En approchant de Paris, la plupart des villes rendaient les armes devant la formidable armée. Seule Poissy opposa une résistance qui coûta la vie à une grande partie de la bourgeoisie. Finalement les troupes royales passèrent la Seine et mirent le siège devant Pontoise.
Dans sa cellule de la Bastille, le premier président du parlement de Paris, Achille de Harlay, demandait chaque jour à pouvoir écouter la messe, et n’obtenait jamais de réponse. Pourtant, en cette fin du mois de mai, il reçut la visite d’un jeune prêtre.

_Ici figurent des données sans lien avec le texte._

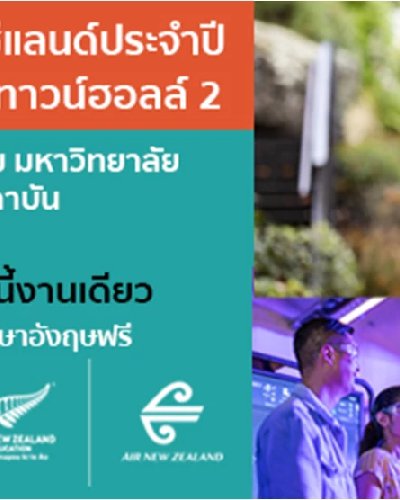 งานการศึกษาสถานทูตนิวซีแลนด์ 2024 Zipevent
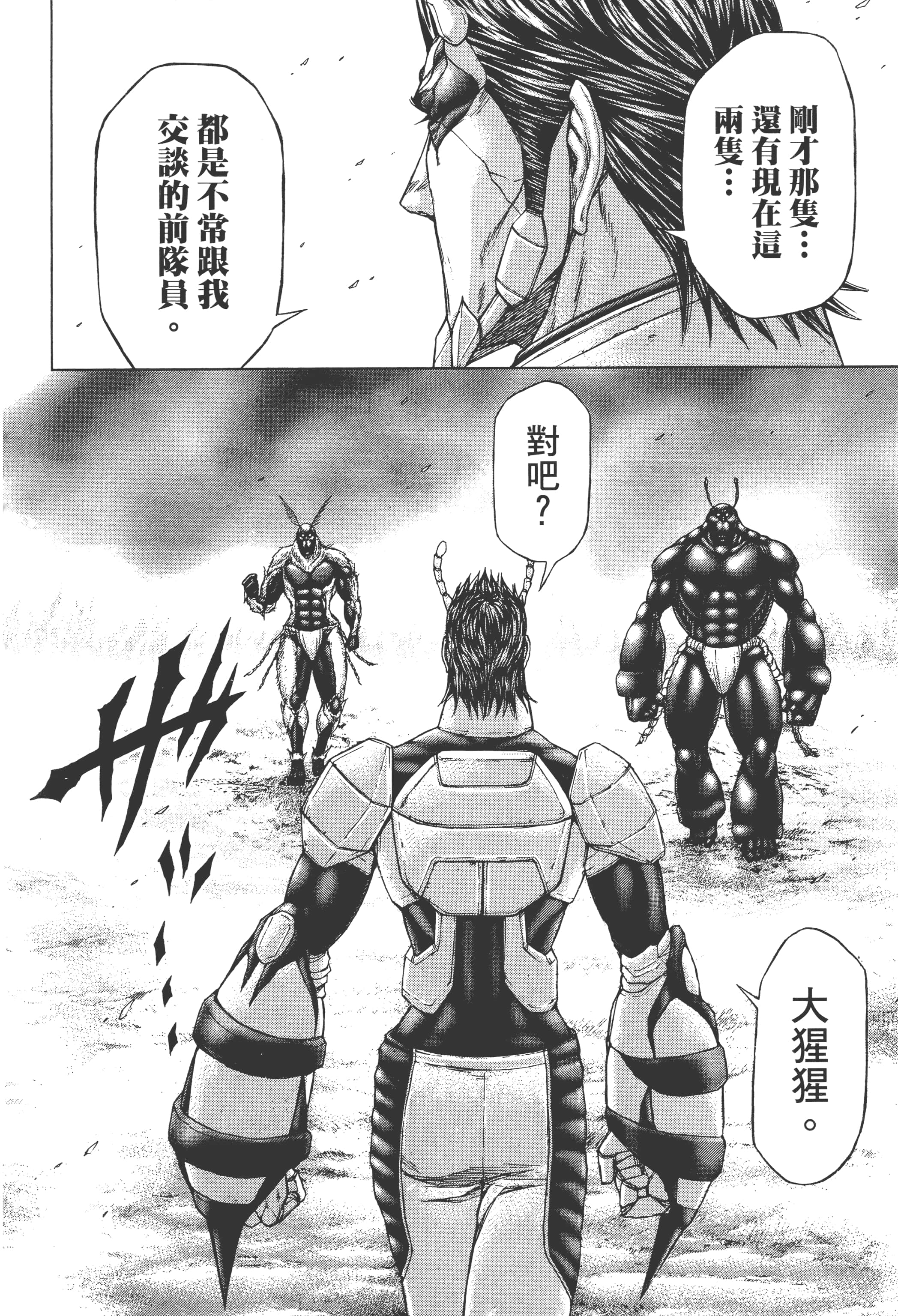 第 5 卷 第 134 页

Brun, les yeux de braise, comme tourmenté par un feu intérieur, le religieux qui s’appelait Jacques Clément lui annonça qu’il serait désormais son chapelain. Il lui promit qu’il pourrait assister à la messe qu’il célébrerait chaque jour.
Achille de Harlay tomba à genoux. Dieu l’avait exaucé dans ses prières.

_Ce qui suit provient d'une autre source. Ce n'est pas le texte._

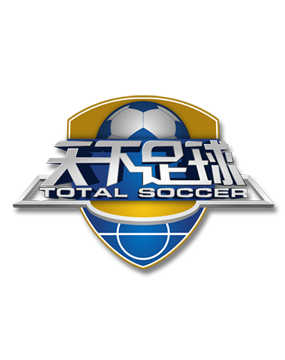 現在比單一 現在比單一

Cela s’était avéré difficile pour Mme de Montpensier d’obtenir que Jacques Clément devienne chapelain à la Bastille. La difficulté était venue là où elle ne l’attendait pas. Le père Edmond Bourgoing, prieur des jacobins, avait jugé que Clément était prêtre depuis trop peu de temps pour exercer un tel ministère et avait refusé qu’il quitte le couvent.

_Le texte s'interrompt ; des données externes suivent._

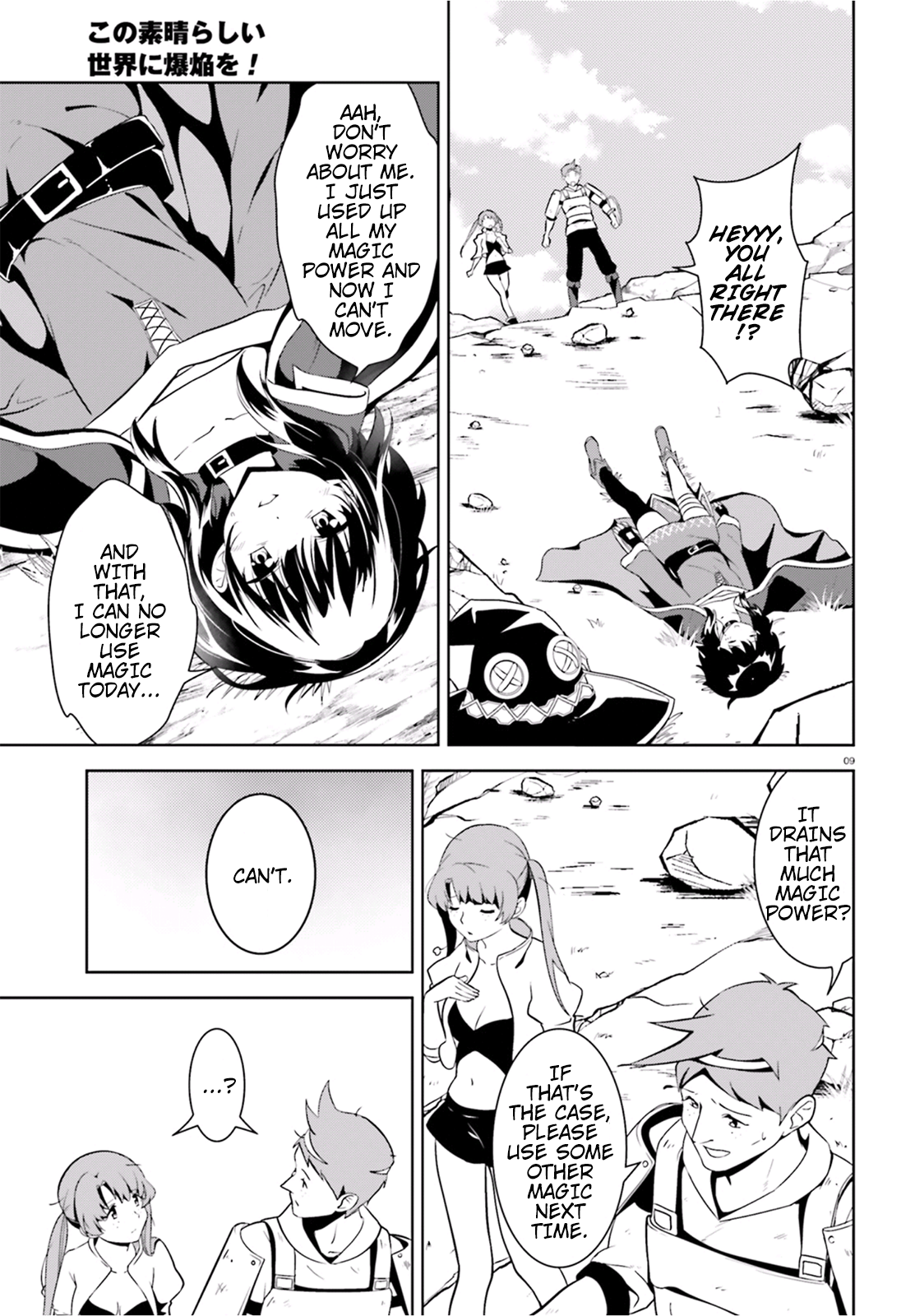 Page 9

Rien n’y avait fait, ni les ordres du duc de Mayenne et de Le Clerc, ni les supplications du père Boucher, ni même les pécunes proposées par la duchesse. Bourgoing avait été inflexible, et lui seul pouvait autoriser Clément à quitter le couvent pour la Bastille.
Edmond Bourgoing était plutôt bel homme, fort apprécié de ses paroissiennes, et lui-même très sensible au charme féminin. C’était son unique défaut, car seule la foi catholique le guidait. Face à son refus, le curé Boucher avait envisagé de lui confier les intentions de la duchesse, qu’il aurait sans doute approuvées tant il haïssait les deux Henri alliés, mais Le Clerc s’y opposa car il n’était pas certain de sa loyauté.
En désespoir de cause, la duchesse le fit venir chez elle et le reçut dans sa chambre.
Ses ennemis ont dit plus tard qu’elle s’était prostituée pour obtenir son consentement. Peut-être n’est-ce qu’une rumeur, mais quand Bourgoing quitta l’hôtel de Montpensier, le cœur plein d’allégresse, il avait donné son accord pour le départ de Clément.